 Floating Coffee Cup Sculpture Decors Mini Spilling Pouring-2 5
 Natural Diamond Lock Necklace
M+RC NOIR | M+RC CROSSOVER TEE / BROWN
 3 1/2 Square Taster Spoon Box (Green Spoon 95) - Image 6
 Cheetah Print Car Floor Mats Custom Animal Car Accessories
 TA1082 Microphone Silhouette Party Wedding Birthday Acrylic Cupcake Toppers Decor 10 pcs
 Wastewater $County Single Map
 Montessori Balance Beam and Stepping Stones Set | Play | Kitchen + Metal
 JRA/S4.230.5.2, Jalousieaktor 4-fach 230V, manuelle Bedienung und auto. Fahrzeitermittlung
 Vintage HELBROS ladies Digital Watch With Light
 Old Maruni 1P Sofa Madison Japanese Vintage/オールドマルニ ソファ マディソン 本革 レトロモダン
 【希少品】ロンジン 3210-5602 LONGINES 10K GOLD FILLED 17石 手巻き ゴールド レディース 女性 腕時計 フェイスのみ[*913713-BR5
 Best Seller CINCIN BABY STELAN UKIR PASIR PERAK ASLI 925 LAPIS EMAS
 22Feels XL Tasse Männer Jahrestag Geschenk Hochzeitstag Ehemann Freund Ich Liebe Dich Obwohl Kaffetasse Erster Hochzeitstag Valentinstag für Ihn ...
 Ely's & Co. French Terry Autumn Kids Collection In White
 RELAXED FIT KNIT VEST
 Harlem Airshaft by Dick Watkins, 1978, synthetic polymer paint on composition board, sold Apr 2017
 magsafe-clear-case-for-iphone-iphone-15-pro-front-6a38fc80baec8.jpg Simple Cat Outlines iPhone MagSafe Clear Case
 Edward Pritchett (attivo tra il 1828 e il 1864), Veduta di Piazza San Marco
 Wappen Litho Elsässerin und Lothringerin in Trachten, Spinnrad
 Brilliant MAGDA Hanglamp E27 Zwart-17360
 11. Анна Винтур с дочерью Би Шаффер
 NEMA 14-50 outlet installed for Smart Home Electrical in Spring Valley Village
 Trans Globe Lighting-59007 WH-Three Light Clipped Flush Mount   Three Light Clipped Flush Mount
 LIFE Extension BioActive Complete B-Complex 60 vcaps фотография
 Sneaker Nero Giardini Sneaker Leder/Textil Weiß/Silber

———

Write down all of the listing exactly.

**Solved exercise**
 Floating Coffee Cup Sculpture Decors Mini Spilling Pouring-2 5
 Natural Diamond Lock Necklace
M+RC NOIR | M+RC CROSSOVER TEE / BROWN
 3 1/2 Square Taster Spoon Box (Green Spoon 95) - Image 6
 Cheetah Print Car Floor Mats Custom Animal Car Accessories
 TA1082 Microphone Silhouette Party Wedding Birthday Acrylic Cupcake Toppers Decor 10 pcs
 Wastewater $County Single Map
 Montessori Balance Beam and Stepping Stones Set | Play | Kitchen + Metal
 JRA/S4.230.5.2, Jalousieaktor 4-fach 230V, manuelle Bedienung und auto. Fahrzeitermittlung
 Vintage HELBROS ladies Digital Watch With Light
 Old Maruni 1P Sofa Madison Japanese Vintage/オールドマルニ ソファ マディソン 本革 レトロモダン
 【希少品】ロンジン 3210-5602 LONGINES 10K GOLD FILLED 17石 手巻き ゴールド レディース 女性 腕時計 フェイスのみ[*913713-BR5
 Best Seller CINCIN BABY STELAN UKIR PASIR PERAK ASLI 925 LAPIS EMAS
 22Feels XL Tasse Männer Jahrestag Geschenk Hochzeitstag Ehemann Freund Ich Liebe Dich Obwohl Kaffetasse Erster Hochzeitstag Valentinstag für Ihn ...
 Ely's & Co. French Terry Autumn Kids Collection In White
 RELAXED FIT KNIT VEST
 Harlem Airshaft by Dick Watkins, 1978, synthetic polymer paint on composition board, sold Apr 2017
 magsafe-clear-case-for-iphone-iphone-15-pro-front-6a38fc80baec8.jpg Simple Cat Outlines iPhone MagSafe Clear Case
 Edward Pritchett (attivo tra il 1828 e il 1864), Veduta di Piazza San Marco
 Wappen Litho Elsässerin und Lothringerin in Trachten, Spinnrad
 Brilliant MAGDA Hanglamp E27 Zwart-17360
 11. Анна Винтур с дочерью Би Шаффер
 NEMA 14-50 outlet installed for Smart Home Electrical in Spring Valley Village
 Trans Globe Lighting-59007 WH-Three Light Clipped Flush Mount   Three Light Clipped Flush Mount
 LIFE Extension BioActive Complete B-Complex 60 vcaps фотография
 Sneaker Nero Giardini Sneaker Leder/Textil Weiß/Silber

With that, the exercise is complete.